# Super Troopers



## Nick1 (Oct 17, 2006)

God I love this movie 


      

Anyone else a fan?


----------



## Leon (Oct 17, 2006)

huge!


----------



## Dylan7620 (Oct 17, 2006)

only one of the best movies ever!


----------



## noodles (Oct 17, 2006)

Who wants a mustache ride?


----------



## Vegetta (Oct 17, 2006)

"Bear Fucker - Do you need assistance?!"


----------



## noodles (Oct 17, 2006)

Now we're gonna sit here while you finish this entire bag...


----------



## nitelightboy (Oct 17, 2006)

"Did I just say meow?"

"Meow, that's not funny. I'm gonna call him a chicken fucker!"

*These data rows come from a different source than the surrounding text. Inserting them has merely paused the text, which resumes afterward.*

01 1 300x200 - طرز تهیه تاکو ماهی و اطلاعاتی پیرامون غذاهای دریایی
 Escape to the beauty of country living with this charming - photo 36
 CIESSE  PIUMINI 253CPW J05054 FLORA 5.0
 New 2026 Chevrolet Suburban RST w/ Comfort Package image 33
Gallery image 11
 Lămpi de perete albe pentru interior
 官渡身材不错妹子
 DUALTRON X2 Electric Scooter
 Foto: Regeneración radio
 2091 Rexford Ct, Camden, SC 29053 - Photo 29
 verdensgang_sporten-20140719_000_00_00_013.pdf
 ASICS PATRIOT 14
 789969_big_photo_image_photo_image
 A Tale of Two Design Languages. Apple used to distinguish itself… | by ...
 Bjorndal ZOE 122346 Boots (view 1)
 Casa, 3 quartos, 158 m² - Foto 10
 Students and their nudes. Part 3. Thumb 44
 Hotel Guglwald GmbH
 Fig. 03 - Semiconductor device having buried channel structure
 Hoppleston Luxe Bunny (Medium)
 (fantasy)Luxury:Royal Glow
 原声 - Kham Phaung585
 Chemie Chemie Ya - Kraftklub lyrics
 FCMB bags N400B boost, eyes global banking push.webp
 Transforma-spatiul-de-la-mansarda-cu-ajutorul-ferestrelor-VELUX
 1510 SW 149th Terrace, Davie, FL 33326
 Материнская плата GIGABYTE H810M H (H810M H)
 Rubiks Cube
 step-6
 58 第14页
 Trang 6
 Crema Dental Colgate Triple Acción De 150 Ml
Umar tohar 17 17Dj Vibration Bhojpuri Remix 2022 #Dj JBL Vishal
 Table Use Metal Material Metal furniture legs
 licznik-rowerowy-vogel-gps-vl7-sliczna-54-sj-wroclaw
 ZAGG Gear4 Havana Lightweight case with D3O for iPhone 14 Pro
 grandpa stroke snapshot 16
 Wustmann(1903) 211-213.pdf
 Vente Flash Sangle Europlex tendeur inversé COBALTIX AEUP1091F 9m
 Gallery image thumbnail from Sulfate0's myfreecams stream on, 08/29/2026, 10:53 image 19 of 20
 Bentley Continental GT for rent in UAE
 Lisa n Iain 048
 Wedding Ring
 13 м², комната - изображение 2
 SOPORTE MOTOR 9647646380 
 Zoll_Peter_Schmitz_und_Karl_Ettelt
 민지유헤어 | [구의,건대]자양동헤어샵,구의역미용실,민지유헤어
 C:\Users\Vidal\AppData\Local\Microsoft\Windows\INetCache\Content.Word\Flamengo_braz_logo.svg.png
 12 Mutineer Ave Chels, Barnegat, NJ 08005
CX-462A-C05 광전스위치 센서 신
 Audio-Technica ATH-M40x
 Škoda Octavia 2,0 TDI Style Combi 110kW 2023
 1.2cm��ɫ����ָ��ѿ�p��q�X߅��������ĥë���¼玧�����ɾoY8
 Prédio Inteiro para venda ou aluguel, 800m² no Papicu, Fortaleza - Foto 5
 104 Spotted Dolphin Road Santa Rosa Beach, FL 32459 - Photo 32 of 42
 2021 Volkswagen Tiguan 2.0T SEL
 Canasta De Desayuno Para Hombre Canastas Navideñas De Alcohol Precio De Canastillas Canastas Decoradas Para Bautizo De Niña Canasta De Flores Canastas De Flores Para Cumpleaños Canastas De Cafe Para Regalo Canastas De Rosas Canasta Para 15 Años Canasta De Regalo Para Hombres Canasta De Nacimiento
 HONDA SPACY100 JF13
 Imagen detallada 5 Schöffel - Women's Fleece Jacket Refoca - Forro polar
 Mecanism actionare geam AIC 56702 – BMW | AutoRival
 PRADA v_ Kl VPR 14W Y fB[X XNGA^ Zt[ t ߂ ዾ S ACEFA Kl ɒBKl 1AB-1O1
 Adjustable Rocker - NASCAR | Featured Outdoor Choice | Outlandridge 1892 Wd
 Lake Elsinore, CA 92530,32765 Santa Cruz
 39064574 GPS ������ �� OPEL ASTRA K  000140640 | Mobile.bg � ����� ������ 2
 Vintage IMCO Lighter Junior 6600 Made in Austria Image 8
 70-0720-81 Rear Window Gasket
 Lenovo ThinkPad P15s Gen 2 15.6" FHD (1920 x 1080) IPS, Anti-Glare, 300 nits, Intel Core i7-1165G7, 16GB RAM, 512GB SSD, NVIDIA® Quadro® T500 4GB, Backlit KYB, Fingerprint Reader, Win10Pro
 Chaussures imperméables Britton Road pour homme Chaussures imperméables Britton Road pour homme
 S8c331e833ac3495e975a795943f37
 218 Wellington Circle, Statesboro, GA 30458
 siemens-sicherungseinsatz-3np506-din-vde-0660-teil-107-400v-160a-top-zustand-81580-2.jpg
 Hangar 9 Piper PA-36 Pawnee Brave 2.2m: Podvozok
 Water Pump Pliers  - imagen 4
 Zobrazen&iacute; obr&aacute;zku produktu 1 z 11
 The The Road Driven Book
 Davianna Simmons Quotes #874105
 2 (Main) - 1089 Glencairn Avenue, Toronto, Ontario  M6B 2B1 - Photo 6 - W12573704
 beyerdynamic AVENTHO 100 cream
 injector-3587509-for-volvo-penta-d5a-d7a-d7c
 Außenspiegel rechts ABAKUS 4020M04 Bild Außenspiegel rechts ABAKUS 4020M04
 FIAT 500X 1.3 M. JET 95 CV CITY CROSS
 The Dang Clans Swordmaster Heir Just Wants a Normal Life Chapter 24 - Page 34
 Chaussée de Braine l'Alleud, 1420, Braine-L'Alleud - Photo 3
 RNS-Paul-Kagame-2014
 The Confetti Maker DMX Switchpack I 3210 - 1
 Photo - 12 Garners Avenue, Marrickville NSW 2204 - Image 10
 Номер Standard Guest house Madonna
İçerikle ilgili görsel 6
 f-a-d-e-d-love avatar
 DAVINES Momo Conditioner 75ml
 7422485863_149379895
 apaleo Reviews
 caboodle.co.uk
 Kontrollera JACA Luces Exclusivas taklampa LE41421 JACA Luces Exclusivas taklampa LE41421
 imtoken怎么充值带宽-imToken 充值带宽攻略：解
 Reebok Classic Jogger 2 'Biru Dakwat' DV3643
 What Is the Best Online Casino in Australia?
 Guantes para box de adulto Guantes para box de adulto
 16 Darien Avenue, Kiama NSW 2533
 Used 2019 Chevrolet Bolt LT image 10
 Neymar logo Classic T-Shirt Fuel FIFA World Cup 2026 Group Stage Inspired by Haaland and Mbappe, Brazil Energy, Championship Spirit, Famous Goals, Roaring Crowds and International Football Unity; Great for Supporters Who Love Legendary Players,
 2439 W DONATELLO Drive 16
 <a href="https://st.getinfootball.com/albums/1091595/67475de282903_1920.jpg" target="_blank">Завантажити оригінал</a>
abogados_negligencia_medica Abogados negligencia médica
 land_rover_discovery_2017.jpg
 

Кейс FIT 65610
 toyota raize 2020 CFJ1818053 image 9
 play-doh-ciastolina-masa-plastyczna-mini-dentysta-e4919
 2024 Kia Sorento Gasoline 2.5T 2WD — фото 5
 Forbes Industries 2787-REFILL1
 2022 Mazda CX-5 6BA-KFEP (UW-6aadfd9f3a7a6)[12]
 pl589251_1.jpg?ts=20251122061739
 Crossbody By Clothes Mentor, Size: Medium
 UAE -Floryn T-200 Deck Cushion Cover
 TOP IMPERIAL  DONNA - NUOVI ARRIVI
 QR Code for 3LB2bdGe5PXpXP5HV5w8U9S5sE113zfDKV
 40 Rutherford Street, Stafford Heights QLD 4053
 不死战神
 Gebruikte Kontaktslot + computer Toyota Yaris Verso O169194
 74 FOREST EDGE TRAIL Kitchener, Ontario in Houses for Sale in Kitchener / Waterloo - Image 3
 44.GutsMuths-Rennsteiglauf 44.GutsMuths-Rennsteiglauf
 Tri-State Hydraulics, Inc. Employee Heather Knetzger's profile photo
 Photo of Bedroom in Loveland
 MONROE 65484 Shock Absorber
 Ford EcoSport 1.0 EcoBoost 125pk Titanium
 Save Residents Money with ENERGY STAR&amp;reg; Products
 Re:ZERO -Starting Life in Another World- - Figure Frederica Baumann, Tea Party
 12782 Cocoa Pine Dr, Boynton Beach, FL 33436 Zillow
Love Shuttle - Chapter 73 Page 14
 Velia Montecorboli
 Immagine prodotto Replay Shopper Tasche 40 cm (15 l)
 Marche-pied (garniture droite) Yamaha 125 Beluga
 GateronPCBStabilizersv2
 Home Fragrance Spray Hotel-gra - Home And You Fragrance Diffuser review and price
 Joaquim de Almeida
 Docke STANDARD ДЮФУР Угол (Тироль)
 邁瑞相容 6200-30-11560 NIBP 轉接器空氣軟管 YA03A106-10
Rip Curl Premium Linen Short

This has to be one of the most realistic cop movies of all times. They really do play games like that.


----------



## Rick (Oct 17, 2006)

"Drunk enough to kick your ass!"

One of my all time favorites.


----------



## D-EJ915 (Oct 17, 2006)

BEAR FUCKER!


it's truly one of the classics


----------



## rummy (Oct 17, 2006)

Shenanigans?


----------



## Nick1 (Oct 17, 2006)

nice! I didnt know you guys were fans!


----------



## Leon (Oct 17, 2006)

i posted this a while back at someone's really really lousy comeback


----------



## eleven59 (Oct 17, 2006)

I love this movie, own it on DVD.

I wasn't sure if they could top it with Beerfest, but now that's one of my favourite movies too


----------



## Rick (Oct 17, 2006)

I liked Beerfest but it just won't compare to Supertroopers. I used to have the "Shenanigans" clip on my voicemail.


----------